コレたぶん、どんな顔したらイイか分かんなくなってるぽいよな。
「五年じゃあなぁ」
梨田さんが追い打ちかけるようにせせら笑う。
「……まあいい、おまえさん、そこで覚えたモンはどこにやった?」
大鳥さんは眉寄せて反論する。
「けど、そっちの会社にはデザイナーとして入って、だから現場にはあんま行ってなくて」
「デザイナー様が製品作れんのか?」
「作れますよ! ていうか、俺のデザイン勝手に変えられるし、描き直せってばかりで、現場入るヒマなんて……」
「デザインは変わるよ、そりゃあ」
社でデザインもやってる薮原さんが横からくち出し、
「強度の問題じゃねえのか」
梨田さんが続ける。
「そうそう、強度や耐久性出せないってなったら、このデザイン変えろって話になるよ」
薮原さんの声が続いて、社長もうんうん頷いた。
「兄ちゃん、少なくともうちの家具は、耐久や強度も考えて百年使ってもらえるように作る。それでこそ、高いカネ出して買ってもらえるってモンだろ」
梨田さんが難しい顔で続ける。
「だからよぉ、出されたデザインで強度出せないとなりゃ、デザイン変えるか材変えるか構造変えるか、デザイナーと相談して、とにかくなんとかするわな」
「……デザイン変えるのは相談ナシだったのか?」
薮原さんが聞く。大鳥さんはどんどん追い詰められた顔になってく。
「そっ、それはありましたけど、頭ごなしにダメだ描き直せって」
「そりゃあ、いきなり新米のデザイン丸呑みするかよ」
梨田さんが呆れたような声で言うと、社長は大鳥さんに、じいっと睨むみたいな目を向けた。

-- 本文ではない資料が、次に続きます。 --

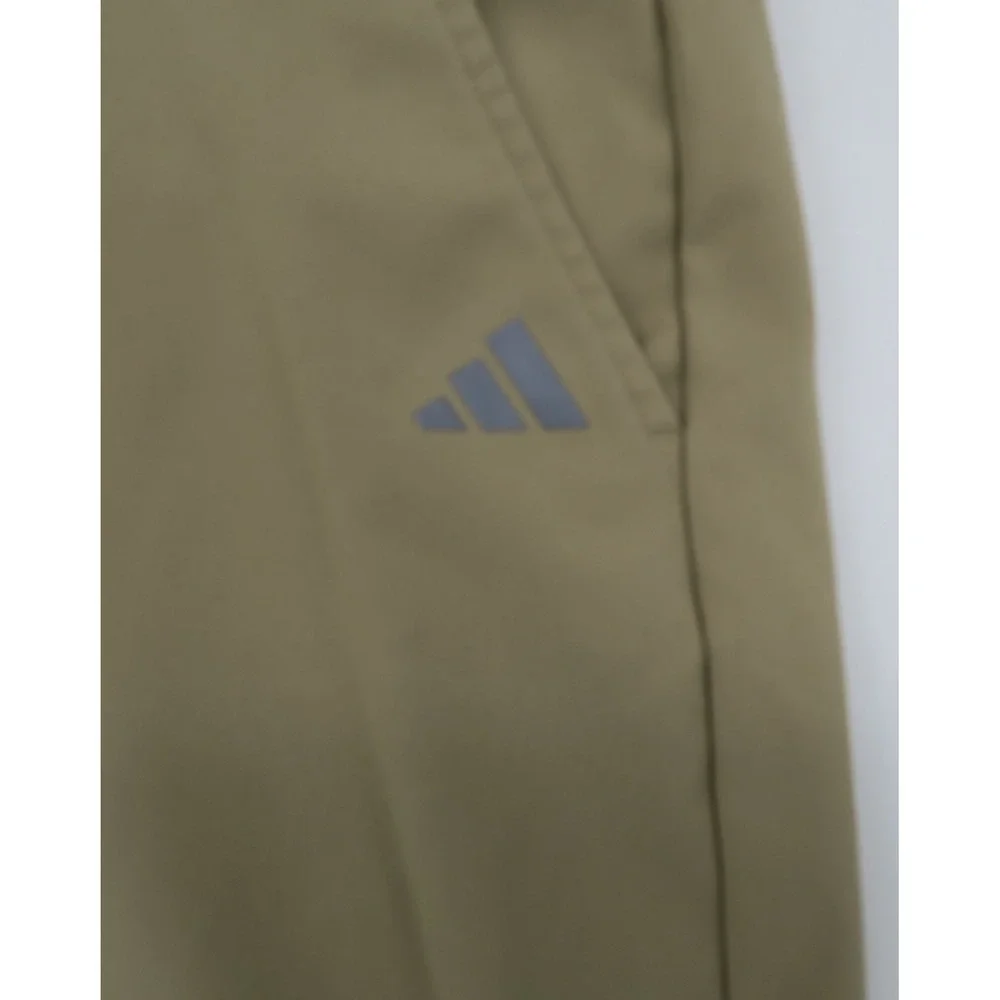 Adidas Mens Golf Pants Tan Khaki Flat Front Performance Trousers 36x30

「デザイナーってのは、現場とそういうやりとりして物事覚えてくんじゃねえのかい? ただこの通り作れ、なんてのは、超有名人が絶対売れるって根拠持って言うことだよ。まあな、どんな有名人だろうが、そんな話、うちはお断りだがね」
汗滲ませた大鳥さんが、またなんか言おうとしてくち開くと、微笑んだままの部長が言った。
「つまり、思う通りに作りたいから独立したってコトかな?」
「しかも材も機械も親がかり」
社長が、はあっとため息吐きながら言い、大鳥さんは開きかけたくちを閉じ、声も無く唇噛んだ。
超悔しそう。てことはアタリか~、そっか~、そういうワガママ系なひとなのかあ~とか思いつつ、なんとなく流れが見えてきたんで、落ち着いて様子見ることにした。
「そりゃ仕事じゃねえ、そういうのはな、ボンボンの遊びつうんだよ」
デカい声でも怖い顔でも無いけど、興味失ったって感じ。コレって大鳥さん的にかなりキツいんじゃない?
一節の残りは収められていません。